_Task material_.
[Start of section]

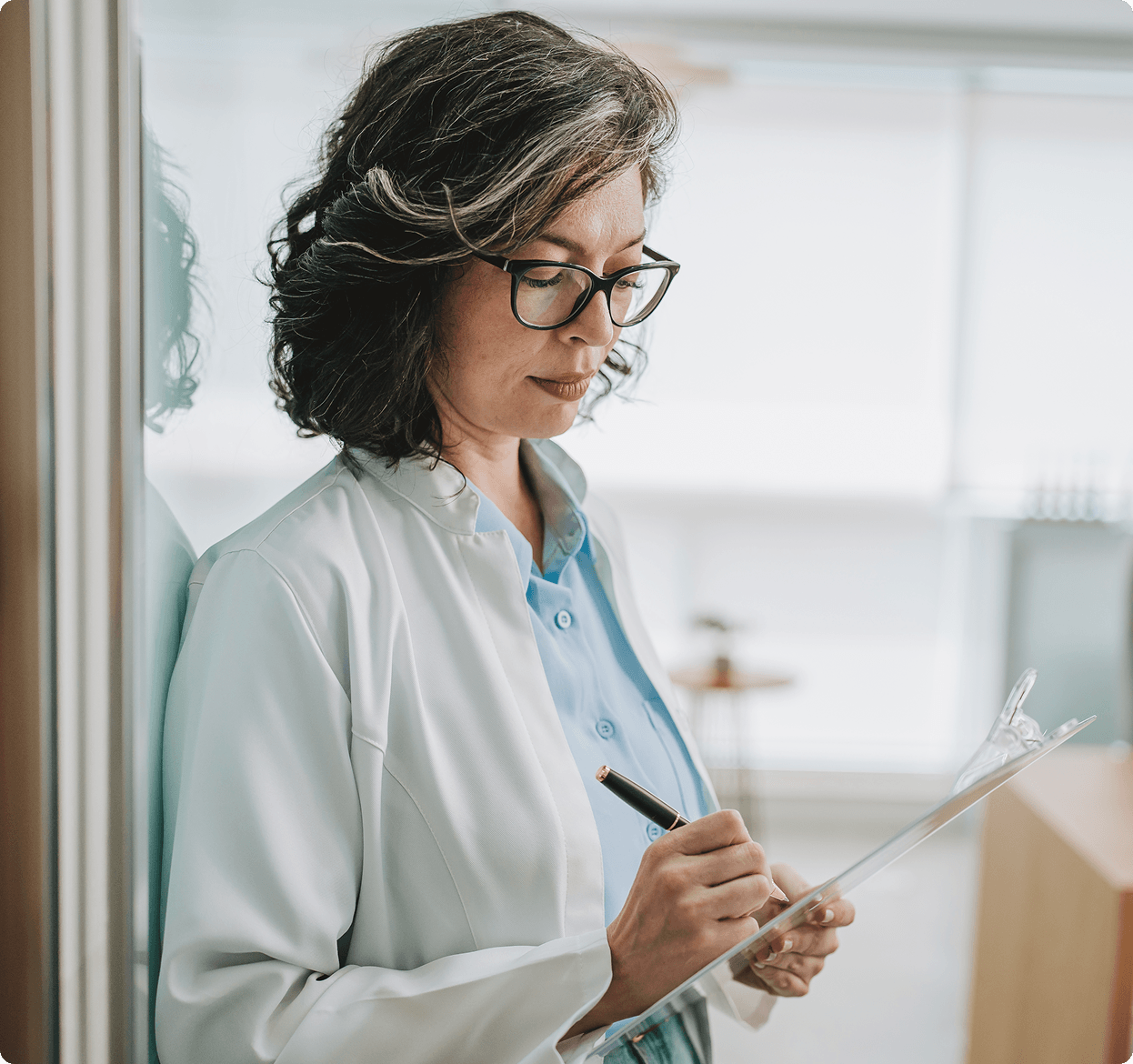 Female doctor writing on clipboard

[End of section]
[Start of section]

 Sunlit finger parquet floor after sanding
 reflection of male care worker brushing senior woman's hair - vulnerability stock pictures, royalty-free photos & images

[End of section]

_Your task_.
Set down, exactly as they stand above, the lines starting with the line with "Sunlit finger parquet floor after sanding" and going on through the line with "reflection of male", and no others.

_Task result_.
 Sunlit finger parquet floor after sanding
 reflection of male care worker brushing senior woman's hair - vulnerability stock pictures, royalty-free photos & images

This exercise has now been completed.